Problem polega na tym że jeden z kolegów (uważałem za zaufanego) w momencie przebiegu walnego potrafił ustalić i wytypować samodzielnie kandydatów do okręgu nie konsultując się z nikim i samowolnie ustawiając kandydatów pod wymagania prezesa okręgu .
Na tej liście byłem ja i mnie wykreślono i nikogo o tym nie poinformowano , a głosujący tego nie zauważyli . Głosowanie jak wiadomo wszystkim przebiegło normalnie , i zgodnie z prawem te zmiany przeszły i walne zakończyło się w prawidłowy sposób .
Ustawka polegała na tym że ja jako nie wygodny okręgowi zostałem pozbawiony bycia delegatem na okręg a głównie dlatego że mogłem pomieszać im w dotychczasowych ustaleniach . A jeszcze dodam że wcześniejsze ustalenia były takie że pomogę w zarządzie jako sekretarz i to przeszło oraz przegłosowano moją kandydaturę , ale do okręgu już mi nie wolno bo jestem nie wygodny . [2013-02-03 21:43]Jak jeden czlowiek może całe zebranie w kija zrobić .To koło gluchych i ślepych? Czy co?Zostałeś sekretarzem koła czy zebrania? . Stary wyga, stronę redagujesz a wypowiadzsz sie jak dzieciak. Może za dużo emocji . Uspokuj nerwy i powoli napisz . [2013-02-03 21:52]
Dziwne ponieważ zazwyczaj kandydatury czyta się na głos i dopiero jest głosowanie?
[2013-02-03 21:53]
A gdzie wtedy byłeś ? Jeżeli byłeś na liście delegatów i Twojej kandydatury nie zaproponowano, to dlaczego nie reagowałeś ?
[2013-02-03 21:54]
Kolego ,,pstrąg i tak było , tylko kiedy zauważyłem zmiany , ten właśnie kolega mnie zastopował abym nie przeszkadzał w przebiegu walnego , a inni wzięli to za żart . [2013-02-03 22:05]
Dziwna sytuacja i lekko nie zrozumiała.
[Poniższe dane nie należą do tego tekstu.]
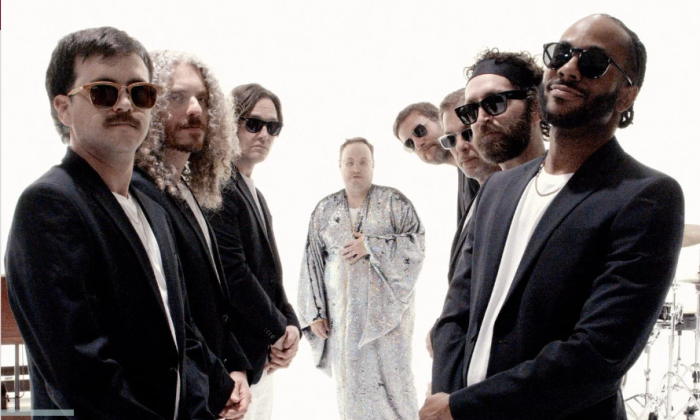 Bandmates from St. Paul & The Broken Bones wear dark clothing and pose in front of a white backdrop.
Skoro się kogoś wybiera lub sam zgłasza kandydaturę to ma prawo zabrania głosu i nic nikomu do tego. Ja bym walczył o swoje ...
Choć kol KAZIK powiem Ci szczerze nie wielę tracisz na tym w Okręgu i tak nic się z działa wszystko jak grochem o scianę. A sprawa Sigły nie możliwa do zrealizowania do roku 2015
[2013-02-03 22:12]
Odpowiem koledze wcześniej – zostałem sekretarzem zarządu koła i to wszystko przebiegało normalnie .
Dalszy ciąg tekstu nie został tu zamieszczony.